An existing steady-state finite element method (FEM) modeling framework based on the Laplace equation was adapted to predict the macro-galvanic current distributions on an AA7050-316SS couple, in environments representative of the boldly exposed surface of an actual fastener couple. Boundary conditions had to be modified from that of the bulk experimental environment in order to achieve better agreement between the total currents calculated with the model and those measured experimentally with the scanning vibrating electrode technique (SVET) at a certain height above the electrode surface. Once validated, the model was used to predict the current densities at the electrode/electrolyte interface and better interpret the results obtained with SVET, even though it was incapable of capturing localized events that occurred experimentally such as pitting and precipitation of corrosion products.
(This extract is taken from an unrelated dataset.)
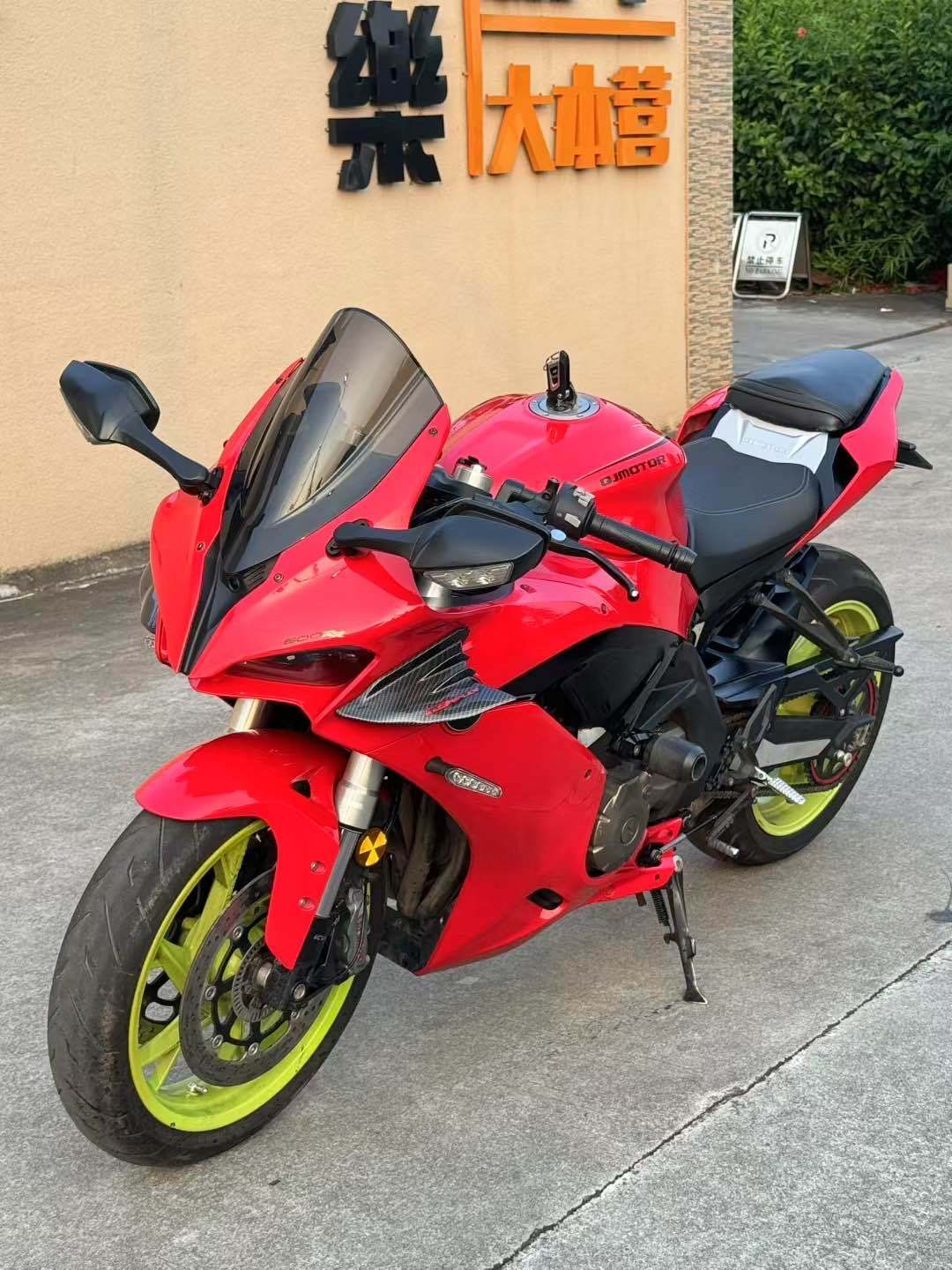 QJMOTOR 赛600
Lastly, the galvanic current interactions on an AA7050-316SS couple in chromate-containing NaCl environments under thick films and conditions of wet-dry cycling were investigated utilizing the coupled micro-electrode array (CMEA) approach. The CMEA approach provided a means to analyze the in-situ electrochemical kinetics as a function of spatial location and time. In Inhibitor-free environments, the total net anodic charge increased with increasing conductivity and aggressiveness of the environment, with AA7050 electrodes supplying greater than 50% of the total net cathodic charge in the more aggressive environments. Under thick films, chromate was less effective at suppressing cathodic kinetics on the 316SS and AA7050 net cathodes as chloride concentration increased. Under wet-dry cycling conditions, the effectiveness of chromate was diminished when compared to thick film conditions, due to the alternation in equilibrium chloride concentration as electrolyte thickness changed upon onset of drying and wetting. Furthermore, chromate exhibited a diminished ability to suppress cathodic currents on the AA7050 net cathodes in comparison to the 316SS electrodes.
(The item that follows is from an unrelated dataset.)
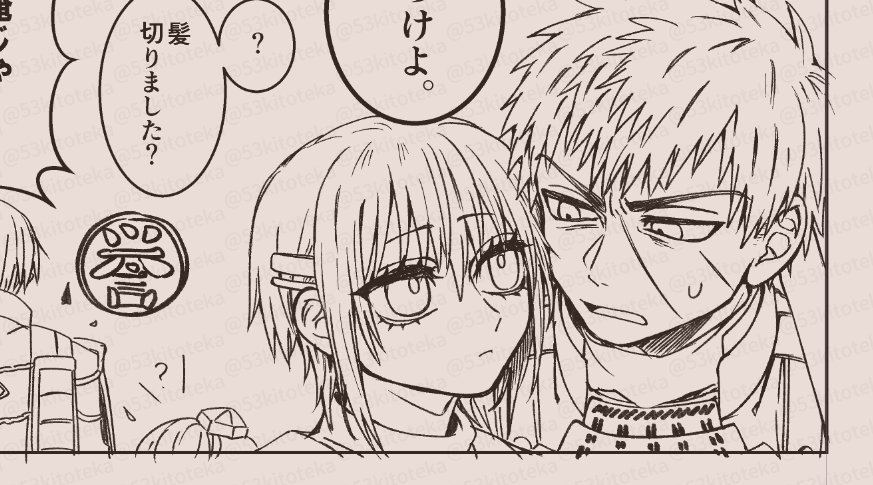 53kitoteka_t's tweet photo. wip　無駄に距離が近い弊たぬさに… https://t.co/YKNVySLKFg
This dissertation provided clarifications and further insights into the mechanistic understanding of the galvanic-coupling-induced corrosion phenomena as regards precipitation-strengthened AAs, including the shortcomings of chromate as regards protection of these AAs when exposed to conditions pertinent to aerospace service environments. This work highlighted the importance of Cu-rich intermetallic particles and replated Cu when considering the driving force of cathodes in sustaining anodic dissolution in typical AA macro-galvanic systems exposed to atmospheric conditions. From the technological perspective, it is intended that the knowledge acquired through this work will aid inform the principal attributes that should be exploited in the testing and development of potential chromate-free inhibitor alternatives.